Hello! Is there a way to define a resource that wo...
# ask-community
j
Hello! Is there a way to define a resource that would be initialized dynamically and then statically as long as it has not been reloaded (i.e. as long as I have not clicked on the reload code button)? In the code below, at each execution the resource is recalculated, which is restricting because it prevents me from parallelizing because only one connection is allowed at a time to access the DB. I use these resources in almost all assets to do mapping and add metadata so I need a resource that I can use easily.
Copy code
class DatabaseResource(ConfigurableResource):
    db: dict

    def get_customers(self):
        return [customer for customer in self.db["name"]]


@asset
def get_customers(db_resource: DatabaseResource):
    customers = db_resource.get_customers()


def call_DB():
    # goal: Do not call this function at each execution
    return [
        {"name": "A", "app": "app_A"},
        {"name": "B", "app": "app_B"},
    ]


defs = Definitions(
    assets=[get_customers],
    resources={"db_resource": DatabaseResource(db=call_DB())},
    executor=in_process_executor,
)
t
Hi! There currently isn't a way, but we hear this often enough that we think about it and are aware of it.

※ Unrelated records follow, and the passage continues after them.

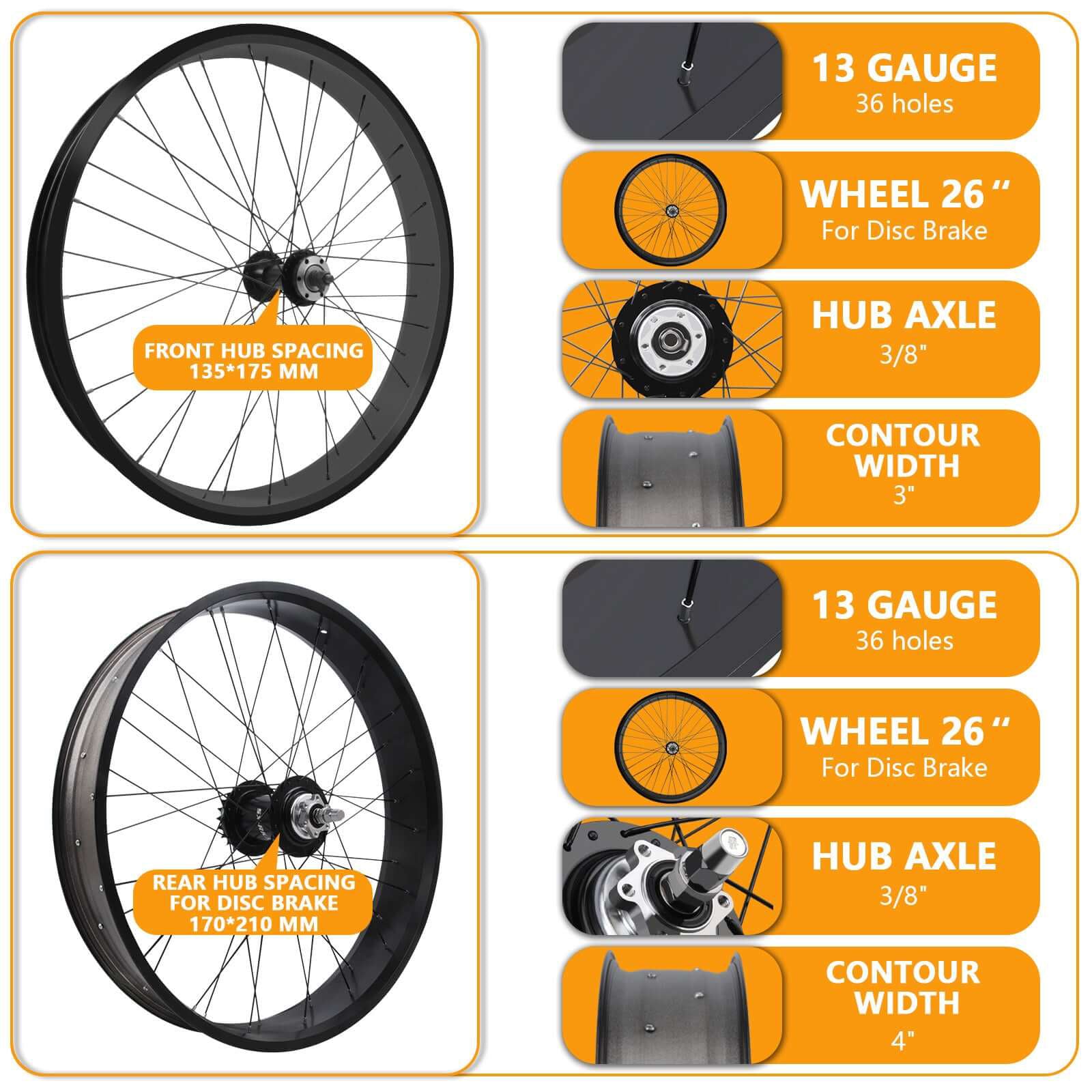 Tracer WH-TR952636RK3 3F/R Wheel Set 26"x4.0 Alloy Fat Rims Sturmey Archer SX-RK3 Inter 3-speed Tracer Bikes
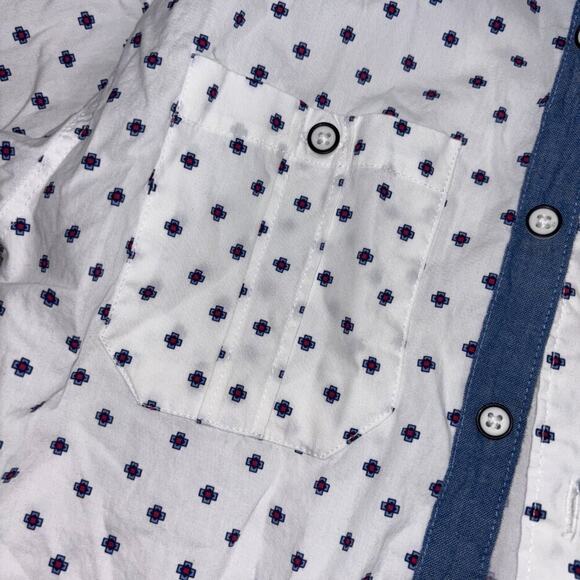 Boys Perry Ellis White/Blue Patterned Button Down Short Sleeve Shirt Size 8 - Picture 3 of 4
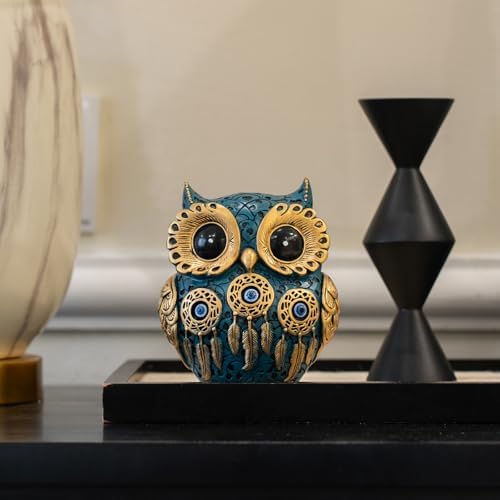 Decorative Owl Figurine, Vintage Blue and Gold Owl Statue Home Decor - Evil Eye Accent for Bookshelf, Bedroom, Living Room, Office & Table. Cute Small Animal Sculpture Gift for Birds Lovers.(Blue) - Image 7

More granularly, you can use the in_process_executor to have your job maintain the same instance of a resource throughout the run, but it is currently restricted to having everything run serially.
n
Is it possible to utilize multiprocessing Manager or Value to share data across executors? That would be helpful for single DB connection scenarios
j
Thanks for the answer. I am aware that I could create a separate asset that would correspond to my resource where I could write the result of my query to a file on the S3 for example. Then I could call this file every time I need it (i.e. in almost every asset). However I don't find this solution very good in terms of optimization and understanding. Do you see a more appropriate method?